A 10kg trunk lies on a horizontal rough floor,the coefficient of friction between the trunk and the floor is 0.75. Calculate magnitude of force P which is necessary to pull the trunk horizontally if the P is applied horizontally and at 30 degrees above the horizontal.
upward force=Psin30
horizontal force=Pcos30
forcefriction=normalforce*mu
= mu(mg-Psin30)
horizontal force=friction solve for P
To calculate the magnitude of force P required to pull the trunk horizontally, we need to consider the frictional force acting on the trunk.
First, let's calculate the frictional force:
Frictional force (Ff) = coefficient of friction (μ) * normal force
The normal force (Fn) is equal to the weight of the trunk:
Fn = mass (m) * gravitational acceleration (g)
Fn = 10 kg * 9.8 m/s^2 = 98 N
Ff = 0.75 * 98 N = 73.5 N
Next, let's resolve force P into horizontal and vertical components:
Horizontal component of P (Ph) = P * cos(30°)
Vertical component of P (Pv) = P * sin(30°)
Since we want to pull the trunk horizontally, the vertical component of P should balance the vertical forces acting on the trunk.
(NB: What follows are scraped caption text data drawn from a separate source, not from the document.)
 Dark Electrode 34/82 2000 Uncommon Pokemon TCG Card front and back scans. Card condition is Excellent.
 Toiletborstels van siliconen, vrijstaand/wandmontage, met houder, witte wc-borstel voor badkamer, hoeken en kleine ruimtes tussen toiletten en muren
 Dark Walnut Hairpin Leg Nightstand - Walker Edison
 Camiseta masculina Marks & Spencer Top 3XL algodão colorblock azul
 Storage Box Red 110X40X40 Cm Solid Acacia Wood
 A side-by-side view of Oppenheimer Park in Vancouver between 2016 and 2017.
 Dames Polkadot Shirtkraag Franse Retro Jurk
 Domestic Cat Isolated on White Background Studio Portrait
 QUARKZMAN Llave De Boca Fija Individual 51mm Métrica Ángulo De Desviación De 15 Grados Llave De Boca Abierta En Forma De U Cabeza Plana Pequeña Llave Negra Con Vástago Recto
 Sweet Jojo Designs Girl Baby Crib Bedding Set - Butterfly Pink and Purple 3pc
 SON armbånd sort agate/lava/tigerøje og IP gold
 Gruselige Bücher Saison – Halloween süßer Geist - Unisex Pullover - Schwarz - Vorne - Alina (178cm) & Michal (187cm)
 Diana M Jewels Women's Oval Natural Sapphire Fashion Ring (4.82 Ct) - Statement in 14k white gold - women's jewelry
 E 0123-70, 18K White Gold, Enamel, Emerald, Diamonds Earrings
The only vertical force acting on the trunk is its weight.
Weight (W) = mass * gravitational acceleration
W = 10 kg * 9.8 m/s^2 = 98 N
Therefore, Pv = 98 N
To pull the trunk horizontally, the horizontal component of P should overcome the frictional force:
Ph = Ff
Now, let's substitute the values into the equation:
P * cos(30°) = 73.5 N
Divide both sides by cos(30°):
P = 73.5 N / cos(30°)
Using a calculator:
P ≈ 84.6 N
So, the magnitude of the force P necessary to pull the trunk horizontally is approximately 84.6 Newtons.
To calculate the magnitude of force P required to pull the trunk horizontally, we need to consider the forces acting on the trunk.
1. Weight (mg): The weight of the trunk is the force acting vertically downwards, given by the mass (m) of the trunk multiplied by the acceleration due to gravity (g). In this case, we have m = 10 kg and g = 9.8 m/s^2, so the weight is W = 10 kg * 9.8 m/s^2 = 98 N.
2. Normal force (N): The normal force is the force exerted by the floor on the trunk, perpendicular to the surface of the floor. In this case, since the trunk lies on a horizontal floor, the normal force is equal in magnitude and opposite in direction to the weight, so N = 98 N.
3. Frictional force (F_friction): The frictional force is the force that opposes the motion of the trunk and is proportional to the normal force. The coefficient of friction (μ) between the trunk and the floor is given as 0.75. The formula for calculating the frictional force is F_friction = μN. So, F_friction = 0.75 * 98 N = 73.5 N.
Now, let's analyze the horizontal forces acting on the trunk when the horizontal force P is applied at 30 degrees above the horizontal.
4. Horizontal force (F_horizontal): This is the component of force P that acts horizontally and in the direction of motion. To find this force, we can use trigonometry. The horizontal component of P is given by F_horizontal = P * cos(30°).
Since the trunk is not moving vertically, the vertical component of P is balanced by the normal force N. Therefore, we do not consider it in this calculation.
Considering the equilibrium of forces, the horizontal force P should counteract the frictional force F_friction. So we set F_horizontal = F_friction:
P * cos(30°) = 73.5 N
To solve for P, divide both sides of the equation by cos(30°):
P = 73.5 N / cos(30°)
Using a calculator, we can determine:
P ≈ 84.6 N
Therefore, the magnitude of force P necessary to pull the trunk horizontally, applied at 30 degrees above the horizontal, is approximately 84.6 N.